Apologie du terrorisme : la justice entre incohérences et «réactions hystérisées»

En deux semaines, près de 70 procédures pour «apologie du terrorisme» ou «menace d’action terroriste» ont été engagées, avec près de 30 condamnations à la clé. Le Syndicat de la Magistrature fulmine dans un communiqué publié aujourd’hui : «depuis quelques jours s’enchaînent les procédures expédiées, où l’on a examiné et jugé le contexte, à peine les circonstances des faits, si peu l’homme, poursuivi pour avoir fait l’apologie du terrorisme». Un texte sévère, qui invite à «résister à l’injonction de la répression immédiate» où il est notamment question de justice «désastreuse», de manque de «recul» et de «réactions hystérisées».

«VIVE LA KALACH !»

En se basant sur les chiffres de procédures et de condamnations évoqués plus tôt (et datant de vendredi dernier), on constate que plus de la moitié des actions pour apologie du terrorisme n’ont pour l’heure pas entraîné de condamnations. Une forte disparité entre les cas est notable : pour des faits parfois extrêmement similaires, une personne a pu bénéficier d’une relaxe dans un tribunal, tandis qu’une autre se voyait condamnée à plusieurs mois de prison ferme dans un autre.
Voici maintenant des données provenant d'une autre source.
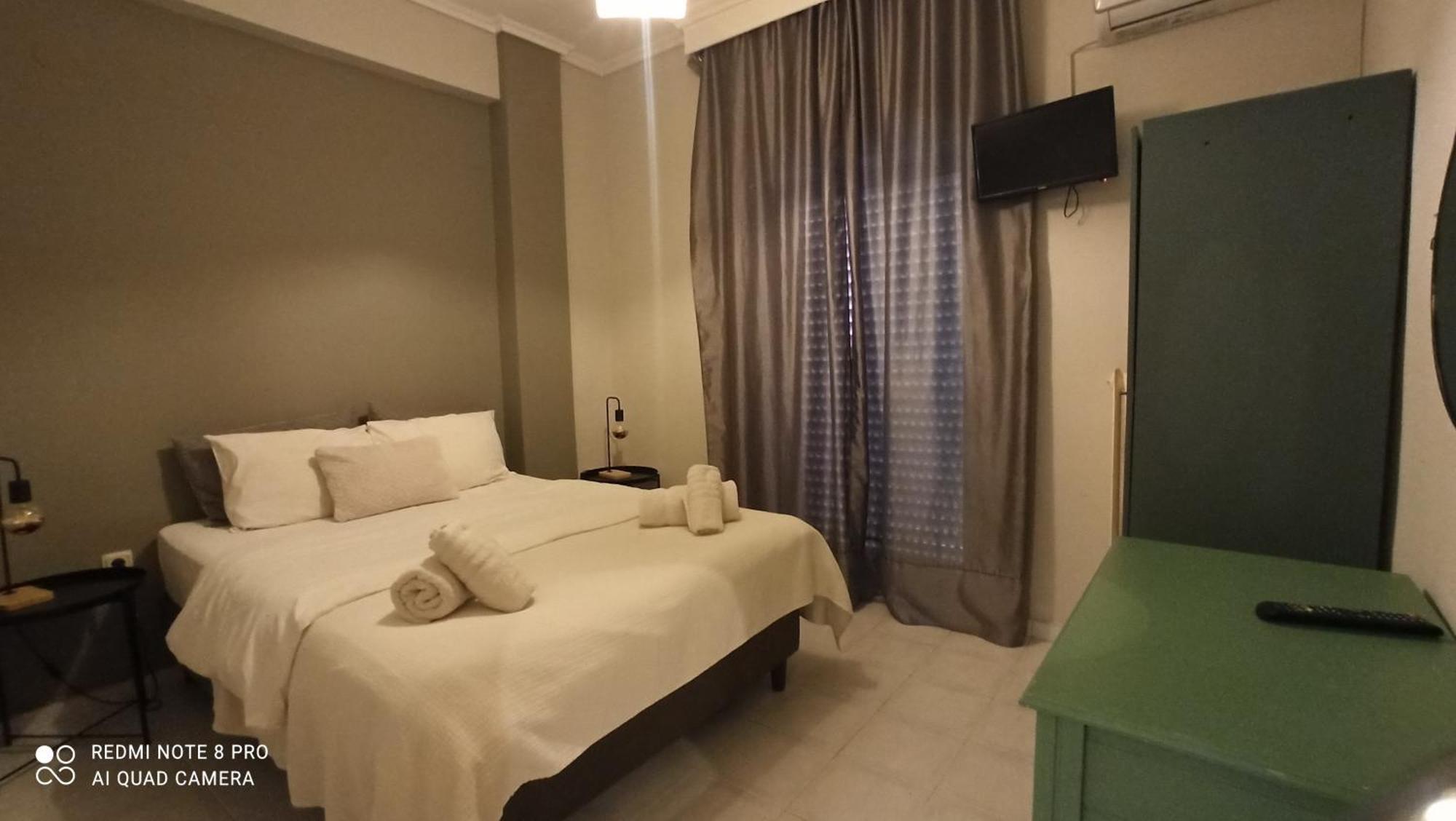 Thess Rooms Agion Panton 12 Salonicco Esterno foto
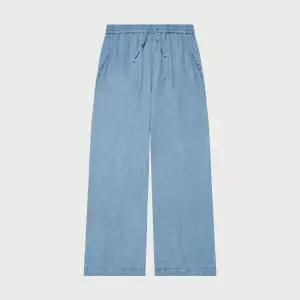 [행텐][행텐] 여성 와이드 셔링 밴딩팬츠_272(10520-155-406-10)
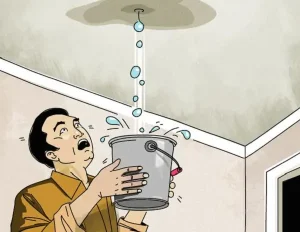 Trần Nhà Bị Thấm Nước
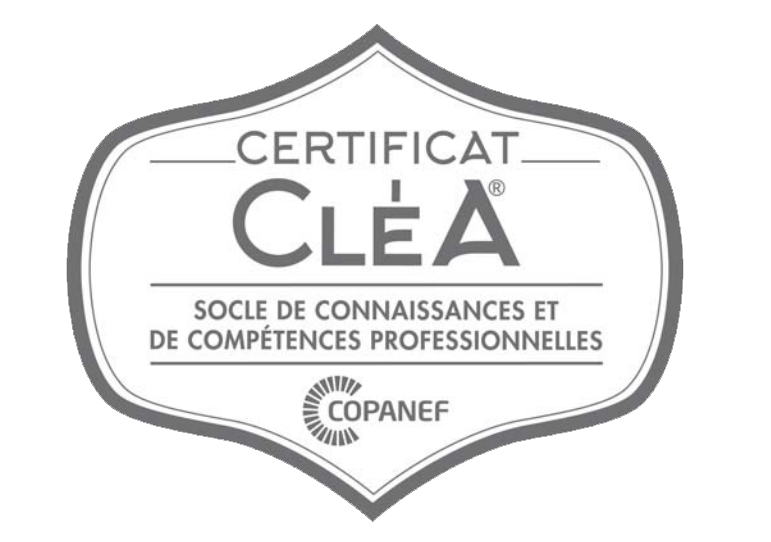 Logo du certificat Cléa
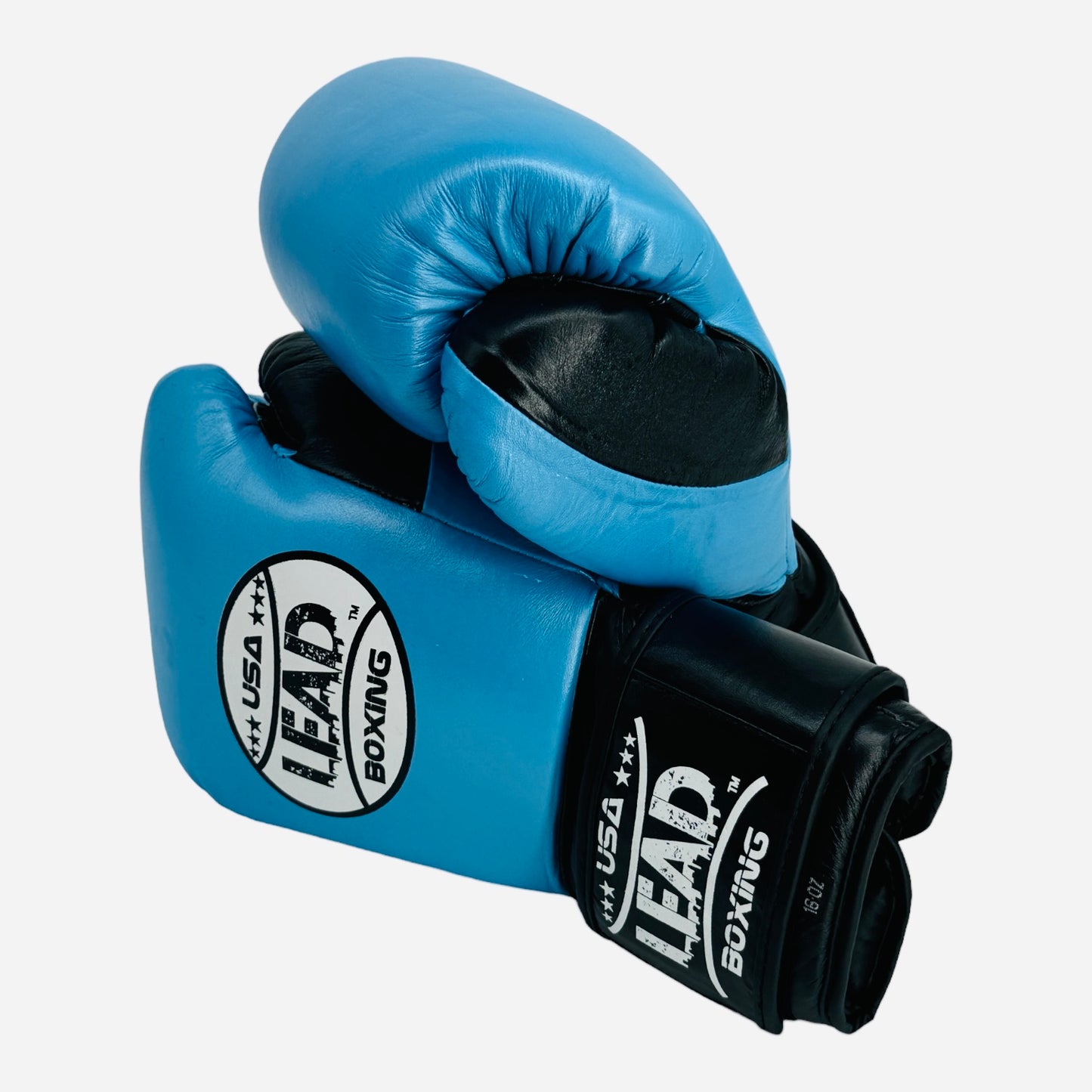 LEAD PRO-TECH Training Gloves (Sky Blue-Black)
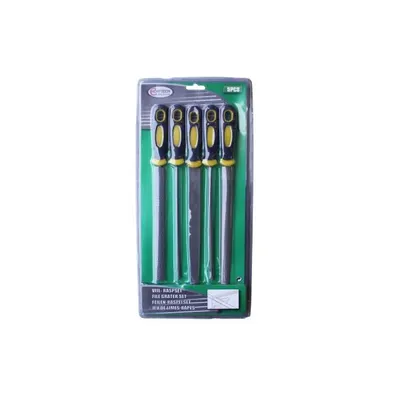 Hofftech File-Rasp Set 5-Piece Profi
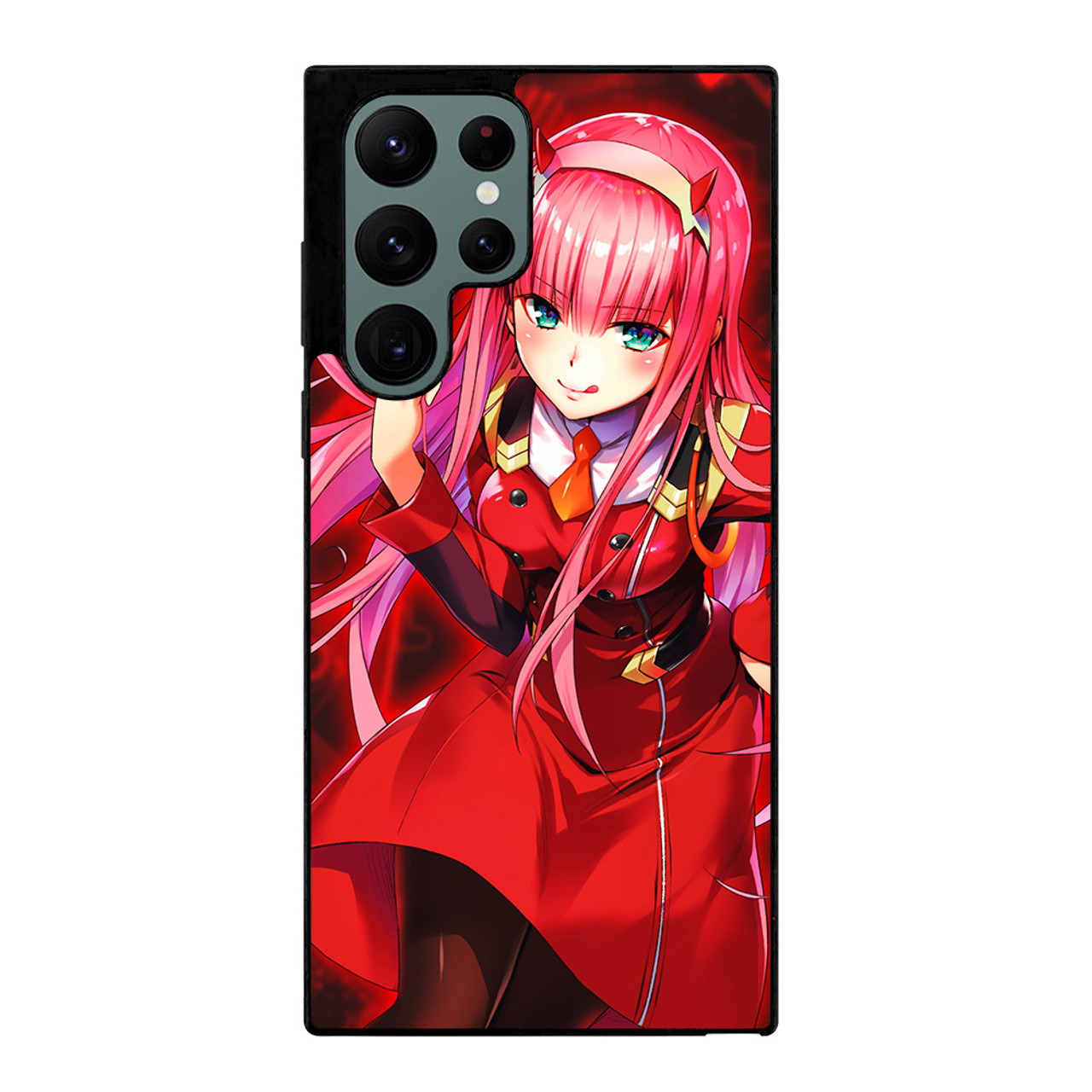 Cheap Red Sun Japanese Anime Phone Case For Samsung Galaxy S22 Pro S21 S20  FE Ultra S10 Lite S10 S10E S9 S8 Plus Soft TPU Black Cover | Joom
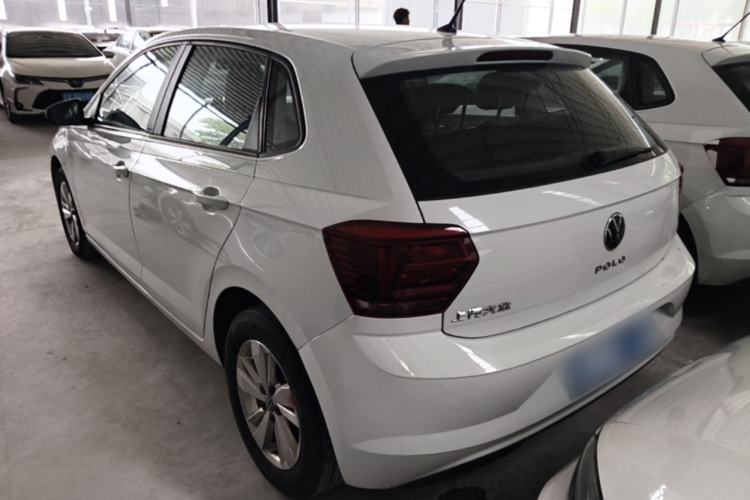 Used Volkswagen Polo 2023 Revised Plus 1.5L Automatic – Enjoy Life Edition Rear Left 45 Deg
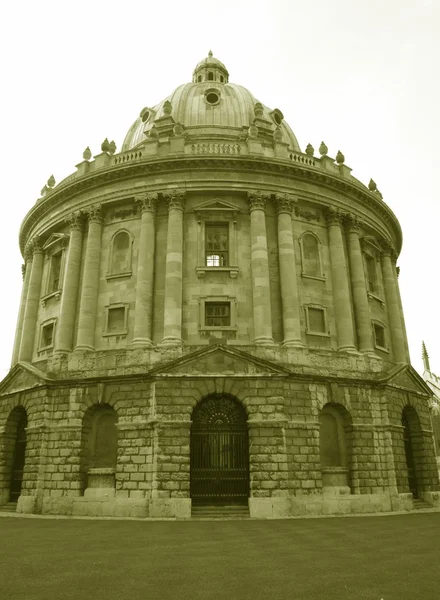 Radcliffe Camera in England — Stock Photo, Image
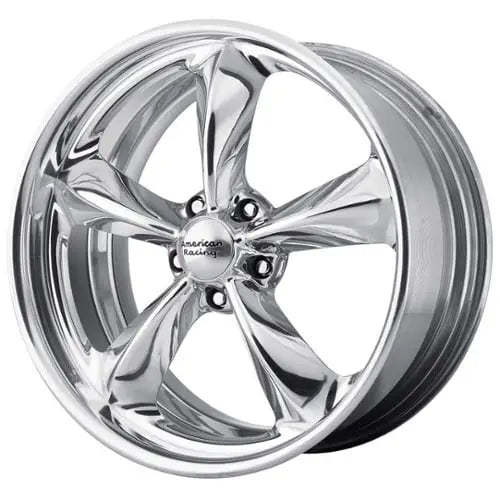Wheel Pros American Racing Vintage VN425 TT-SL 20X8.5 5X5 POL 5.00BS VN4252857350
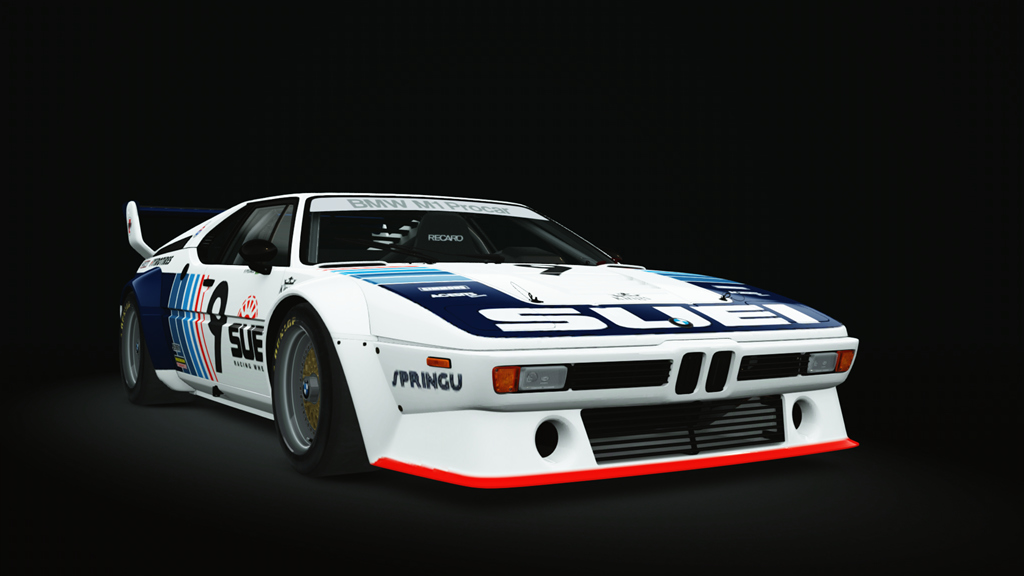 BMW M1 Procar '79, skin 09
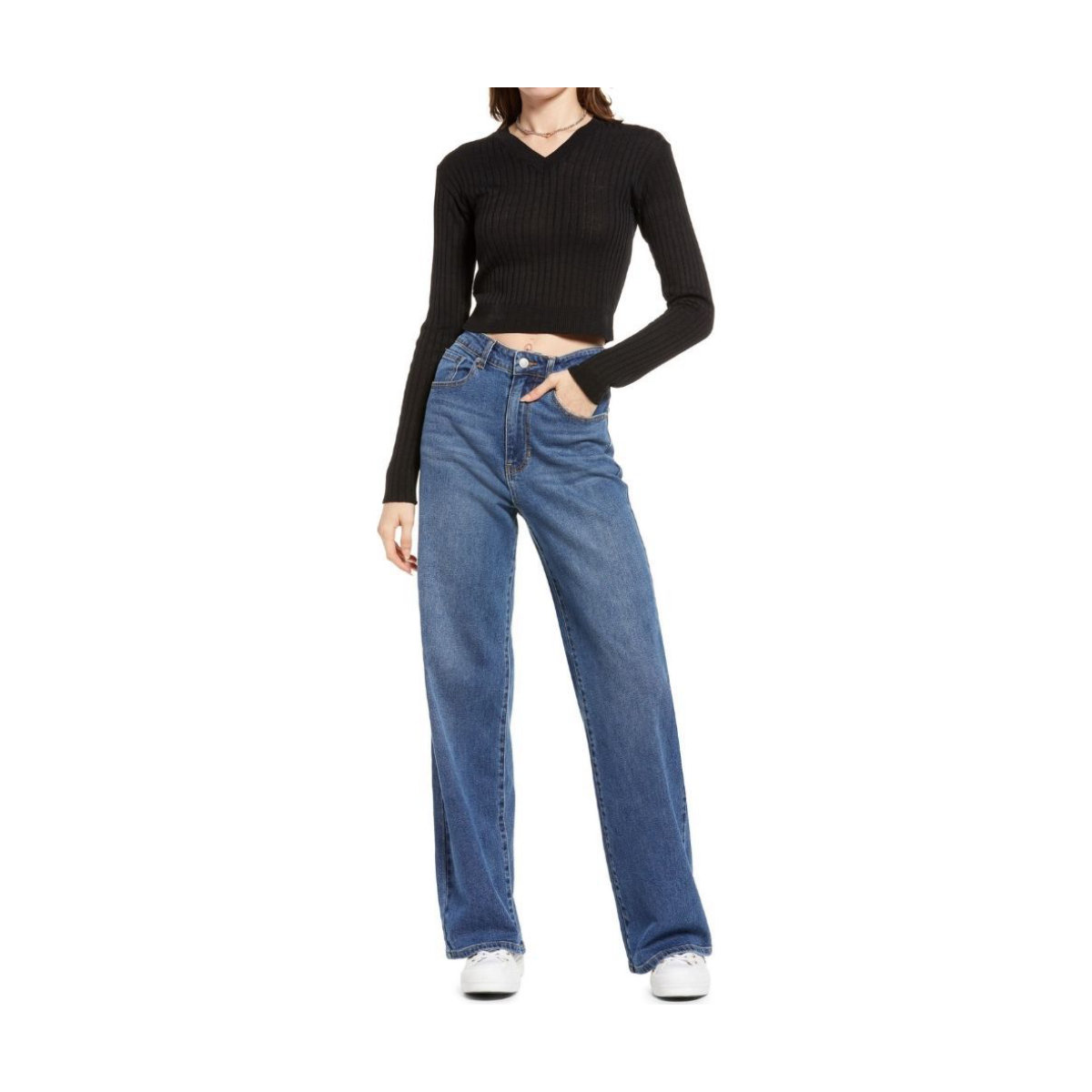 BP. Everyday Wide Leg Jean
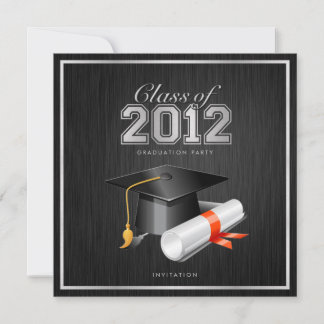 Class of 2012 Party Graduation Invitation
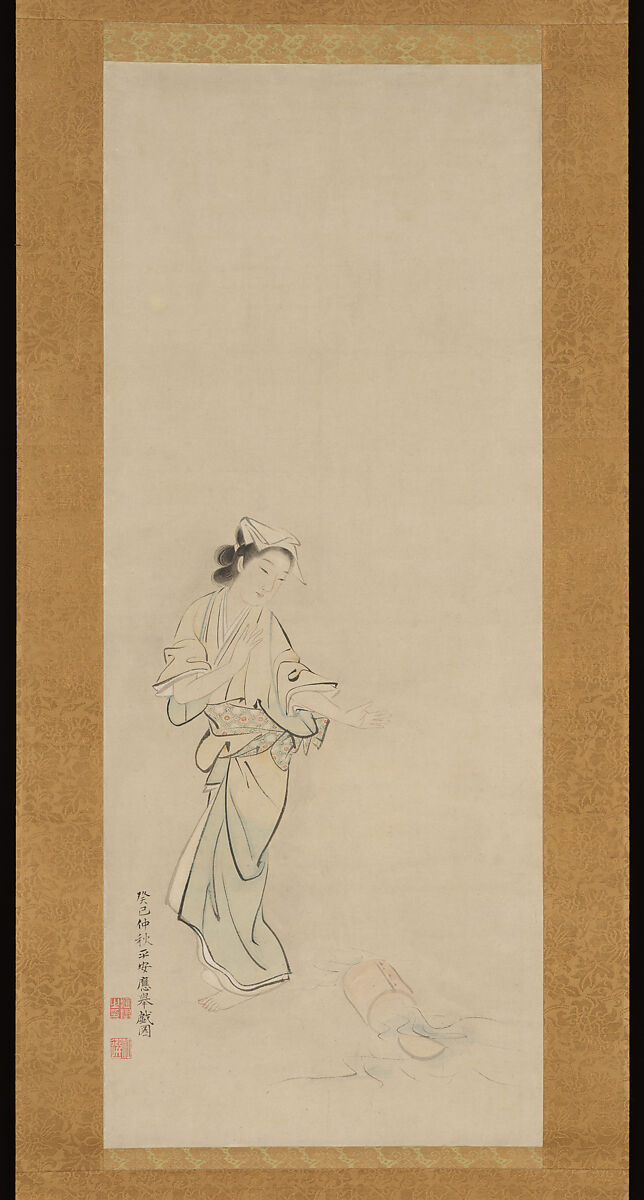 Maruyama Ōkyo 円山応挙, Lady Chiyono, Japan, Edo period (1615–1868)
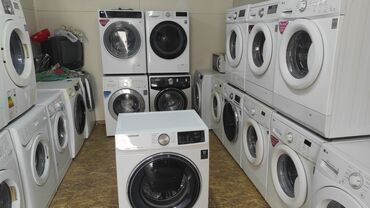 Стиральные машины: Стиральная машина LG, Б/у, Автомат, До 5 кг, Компактная — 10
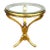 Mid Century Giltwood Side Center Table For Sale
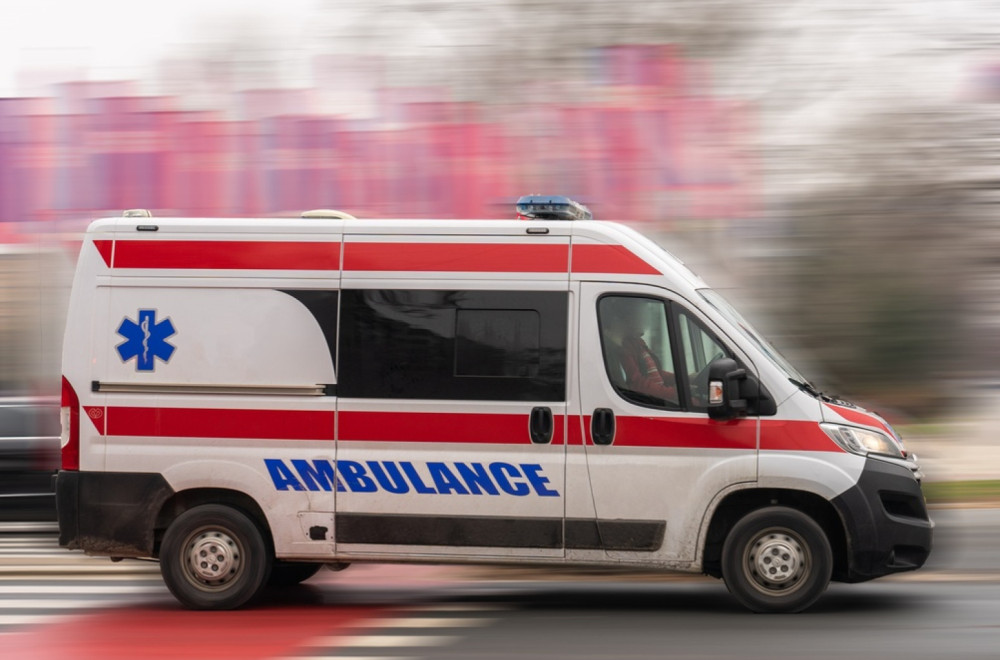 Dve osobe povređene u saobraćajnoj nezgodi kod Sopota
L’excuse de l’ivresse semble ainsi plus tolérée à Nantes qu’à Orléans. Dans la préfecture de Loire-Atlantique, lundi après-midi, un jeune de 22 ans qui avait déclaré sous l’emprise de l’alcool à un policier «je vais chercher mes amis jihadistes, ils vont te faire exploser !» a été relaxé d’apologie d’acte de terrorisme. Comme le signale Presse Océan, il a toutefois écopé de deux mois de prison avec sursis pour menaces de mort et outrage. À Orléans, un jeune de 20 ans avec quelques coups dans le nez et qui avait hurlé «vive la Kalach !» devant les forces de l’ordre a quant à lui été condamné à six mois ferme…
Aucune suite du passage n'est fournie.